I've partially upgraded my two-node VI cluster - one node has upgraded to ESX 3.5, and my VirtualCentre server has upgraded to 2.5. The Database also upgraded successfully, after running the upgrade manually and tweaking the permissions on MSDB so that my vclogin user had DBO rights.
However, when I started the 2.5 VI Client, it attempted to upgrade the agent on the other, 3.0.2 ESX node, which hung in the process - it was stuck at 80% for 40 or so minutes (coffee break, walk around the garden, read paper-length interval
During this time, the VM's it was hosting stopped responding as well (I had Vmotion'd them to it so the other node could be upgraded). Reboot.

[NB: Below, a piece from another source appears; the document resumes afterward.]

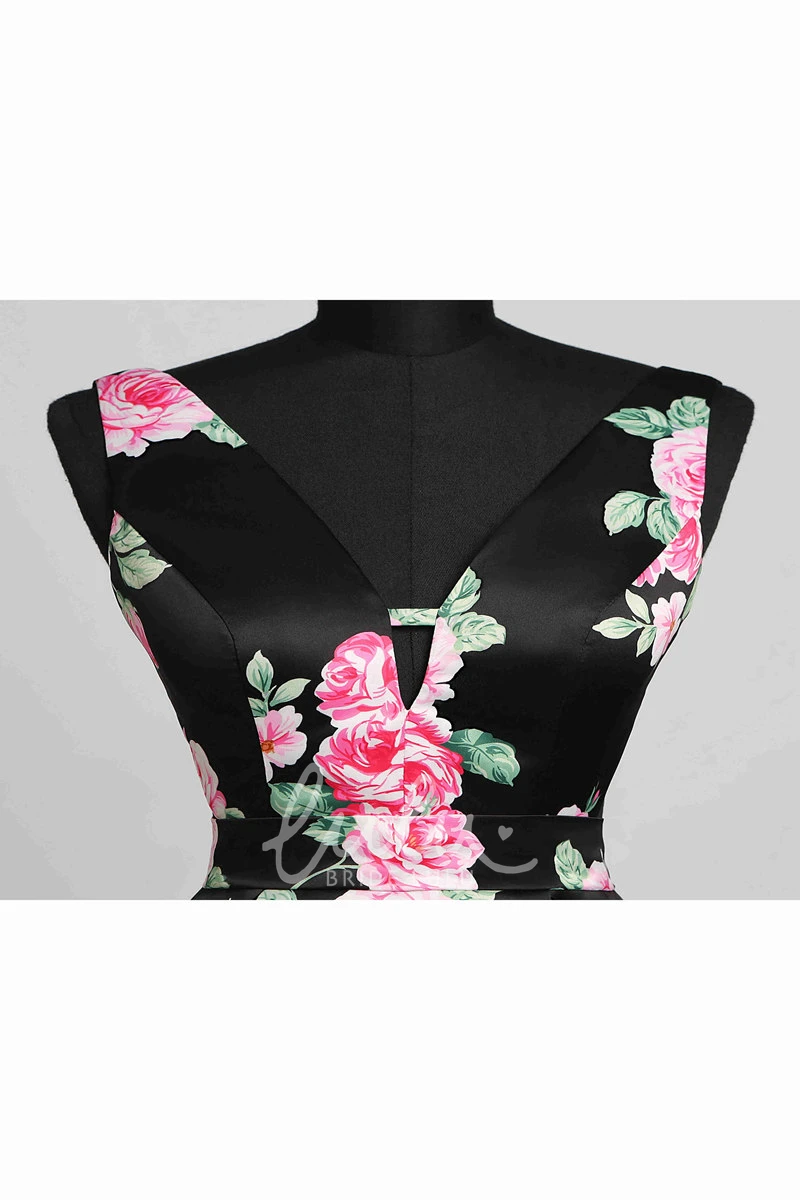 Sexy Satin Sheath V-Neck Sleeveless Mini Formal Dress with Deep-V Back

After the reboot, and kicking the SAN, the server came up and I could connect to it directly with the VI Client, and the VMs it is hosting work normally - this includes the VCMS management server! I could also connect the VI Client to the VCMS, but the VCMS says the node is disconnected. I have deleted the node from the VCMS, and attempted to reconnect it. The reconnection wizard recognises the hardware, and the VM's running on it, but it cannot connect, failing with the following error:
Unable to access the specified host. It either does not exist, the server software is not responding, or there is a network problem.
I'm guessing it's the middle option, since:
- I can ping the node's service console and vmkernel IP addresses from itself, the VCMS, and another machine
- I can connect to it directly with the VI Client
- The VCMS hosted on it talks to the other (3.5.0) node ok
- When I start the VI Client to connect to the 3.0.2 node, it calls up version 2.0 whereas connecting to the 3.5 node calls up version 2.5...

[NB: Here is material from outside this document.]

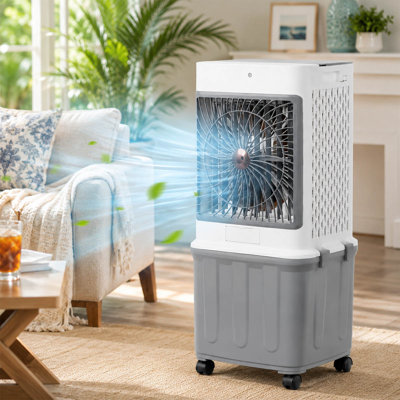Refroidisseur d'air portatif à évaporation portable avec réservoir détachable de 8,5 gallons avec télécommande et ventilateur oscillant 4-en-1 pour le salon de la chambre à coucher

How do I upgrade the agent manually?
>>> On Thu, Feb 7, 2008 at 11:47 PM, in message
A new message was posted in the thread "ESX 3.0.2 "disconnected" after
upgrade to VC 2.5":
Author : fscked
As a follow-up, the problem ended up being as follows.
the host could resolve itself via fqdn and shortname. but with different ip's. One being the actual ip and one as the loopback. changinf localhost and localhost.localdomain to the loopback and the real hostname and fqdn to the ip resolved it all.
Apparently something to do with wanting to do something from the same ip to the same ip and using different forms of the same hostname results in a different IP being used and hence, cause it to fail.
I upgraded to VC2.5 this weekend and am now having this problem on one of my clusters.
I've manually installed the agent on the ESX servers, restarted services on ESX and rebooted the blades but still can't connect. The licence server is up and running. All I get is the "Connect failed:could not connect to host" error. I can ping, Putty and WinSCP onto all the blades so I'm not sure where the problem lies.
I've logged a call with Dell and they have recommended upgrading to ESX 3.5, but this is not something I want to do without proper planning.
Does anyone have a suggestion on when else I could try?